On April 2, 2007 the United States Supreme Court refused to hear an appeal from the United States Court of Appeals for the District of Columbia which, in February, ruled that Guantanamo Bay detainees did not have a right to habeas corpus review of their indefinite confinement or any other constitutional protections. Boumediene v. Bush, 476 F.3d 981 (D.C. Cir. 2007). The Supreme Court’s refusal to hear the Boumediene appeal effectively closes the door to any judicial relief for the approximately 385 held at the Guantanamo facility for more than five years - unless the Supreme Court at some point chooses to revisits Boumediene issues.
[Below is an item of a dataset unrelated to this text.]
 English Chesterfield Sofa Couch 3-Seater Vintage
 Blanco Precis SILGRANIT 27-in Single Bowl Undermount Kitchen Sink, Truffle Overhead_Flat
Writing in the JURIST (O2/07), Jonathan Hafetz (counsel with the Brennan Center for Justice at New York University School of Law) said the D.C. Court of Appeals Boumediene decision effectively “granted the legislative and executive branches [of government] a blank check to detain non-citizens outside the sovereign boundaries of the United States, bereft of substantive constitutional or common law protections. Already, the Executive has held thousands of detainees outside the U.S. borders. If upheld Boumediene’s reasoning would sanction the creation of extra-territorial prisons beyond the law, notwithstanding the mounting evidence of individuals wrongfully detained in the administration’s ‘war on terror.’ The decision would also help entrench an emerging two-tier justice system in which foreign nationals may be denied basic protections provided by the U.S. Constitution and International law.”
The question squarely before the D.C, Court of Appeals in Boumediene was: Do federal courts have jurisdiction over petitions for writs of habeas corpus filed by aliens captured abroad and detained as enemy combatants at the Guantanamo Bay Naval Base in Cuba?
The D.C. Circuit Court of Appeals has steadfastly maintained that “enemy combatants” do not enjoy any constitutional protections in a United States court. In Al Odah v. United States, 321 F.3d 1134 (D.C. Cir. 2003), rev’d sub nom. Rasul v. Bush, 542 U.S. 466, 124 S.Ct. 2686, 159 L.Ed.2d 548 (2004) the appeals court specifically held that “no court in this country has jurisdiction to grant habeas relief, under 28 U.S.C. § 2241, to the Guantanamo detainees.” 321 F.3d at 1141. The appeals court reasoned that since Guantanamo Bay was not part of the sovereign territory of the United States, the federal habeas corpus statute did not provide any court with statutory authority to assume jurisdiction over the detainees held at the Guantanamo Bay prison facility.
The Supreme Court in Rasul v. Bush, supra, however, reversed the Al Odah decision holding that while the detainees themselves may be beyond the American court jurisdiction, the court had jurisdiction over the detainees’ custodians sufficient to allow the detainees access to the Great Writ of Habeas Corpus. Id., 542 U.S. at 483-84, 124 S.C.t. 2686.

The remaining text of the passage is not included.